Meski begitu, mereka sudah berhasil mengusir para demit-demit bawahan dari genderuwo itu. Namun, ketika mereka hendak menyerang genderuwo tersebut, dari belakang mereka melesat sebuah kilatan petir hitam yang langsung menyambar keempat orang tersebut sampai tersungkur bersimbah darah.
“Dasar manusia kroco! Memangnya kekuatan kalian sudah bisa untuk mengalahkanku. Asal kalian tahu, aku adalah demit yang dipanggil langsung dari kitab Septo Tapo. Jadi, dengan kekuatan kroco-kroco seperti kalian, takkan mungkin bisa mengalahkanku!” bentak genderuwo itu bangga.
“Sial! Hanya dalam sekali serang!” umpat Cynthia dan Vita lirih. Saat itu, sudah terlihat kak Nuril sudah pingsan, penuh dengan luka bakar di punggungnya.

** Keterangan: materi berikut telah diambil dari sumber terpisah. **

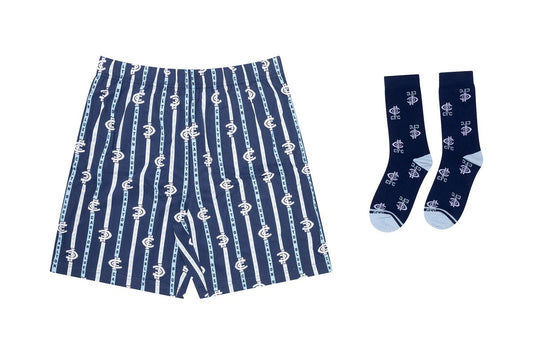 SALE SALE SALE         Carlton Blues Men's Boxer Shorts & Sock Gift Pack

Tak lama kemudian, dari belakang genderuwo itu, muncul empat genderuwo lain, menambah kondisi sulit kala itu. Di saat itu, dalang yang merencanakan semua ini, akhirnya muncul dari belakang para genderuwo itu.

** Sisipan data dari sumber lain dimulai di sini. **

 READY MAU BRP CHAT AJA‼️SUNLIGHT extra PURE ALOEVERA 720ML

Benar rupanya. Ternyata dia adalah Nek Ifa sendiri.
“Wah, wah, sepertinya kemampuan kalian cuma segini. Dengan kemampuan segitu, beraninya kalian mengacaukan rencanaku, bocah-bocah keparat!?” kata nek Ifa yang begitu geram dan mengancam.

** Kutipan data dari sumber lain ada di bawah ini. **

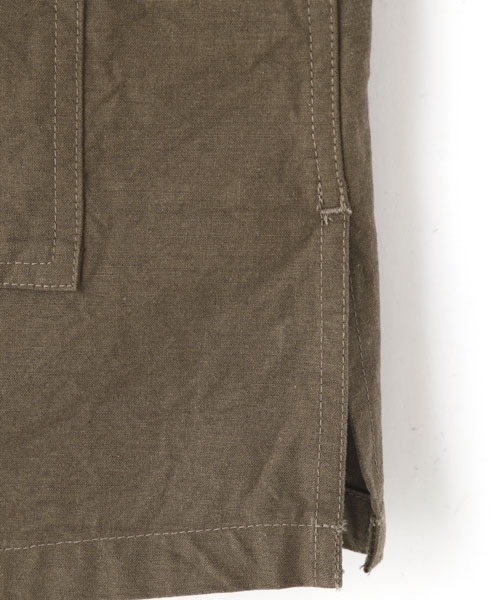 MHL.（エムエイチエル）の「OVERDYE MELANGE COTTON（シャツ/ブラウス・メンズ・ダークグリーン/ブラウン・SMALL/MEDIUM/LARGE）」の13枚目の写真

“Tak kusangka kau akan mewujudkan diri, nek Ifa. Aku sudah menyadari dari awal kalau kau adalah dalang dari semua ini. Aku akan membersihkan namaku jika aku sanggup mengalahkanmu di sini!” jawab kak Cynthia yang langsung mengeluarkan pusakanya. Sebuah keris dari Aceh, yang didalamnya ada sebuah khodam ular, yang bernama ular panca.
Ular panca yang keluar itu mempunyai lima kepala yang masing-masing langsung membelit tubuh para genderuwo itu. Membuat kondisi nek Ifa sedikit terdesak.
Tanpa pikir panjang lagi, kak Hera dan Vita langsung mengeluarkan pusaka mereka. Keris Naga Kembar dan Tasbih Wali Songo. Kedua pusaka itu langsung menyerang dan menembus jantung nek Ifa kala itu, sampai ia terduduk, tak bergerak sedikitpun.
Merasa sudah mengalahkan musuh, mereka bertiga pun lengah, sampai dari belakang muncul ratusan panah api yang langsung menghujami tubuh mereka masing-masing.
Kalau saja mereka tak merapalkan doa pelindung sukma, pastinya roh mereka bakal hancur, dan mereka bakal mati. Tak lama setelahnya, tanpa gerangan, ular panca, keris naga kembar, dan tasbih walisongo pun terlepas dan melebur menjadi abu.
“Ada apa gerangan!?” tanya mereka bertiga yang seperti tak bisa percaya apa yang barusan mereka lihat. Ketiga pusaka kelas atas tiba-tiba hancur berkeping-keping layaknya sebuah nasi yang sudah dikunyah-kunyah sampai lembut.
“Kitab Septo Tapo,” kata seseorang yang muncul di belakang mereka. Orang itu adalah kak Nanang, yang merupakan wakil dari ketua keluarga Marwan wilayah Malang, yaitu Pak Khoirul. “Tak kusangka di masa akhir kuliahku, aku bisa melihat seorang nenek-nenek bisa menguasai ajian-ajian yang ada di dalam kitab iblis itu.” tambahnya.
Tiba-tiba nek Ifa pun kembali berdiri dan menatap geram ke pria yang baru datang itu. Dan dari kak Cynthia, kak Hera, dan kak Vita, yang masing berdiri tak terluka sedikitpun hanyalah Vita seorang.
“Senior!” sambut Vita senang.
“Dasar kau Vita, masih suka bercanda. Kau sudah terluka tuh!” jawab kak Nanang sembari geleng-geleng kepala melihat tingkah konyol adik sepupunya itu.
“Habis sih, kalau tidak bercanda dulu, jadi kurang menarik, kurang seru.” jawab Vita mengomel, dan sedikit manja.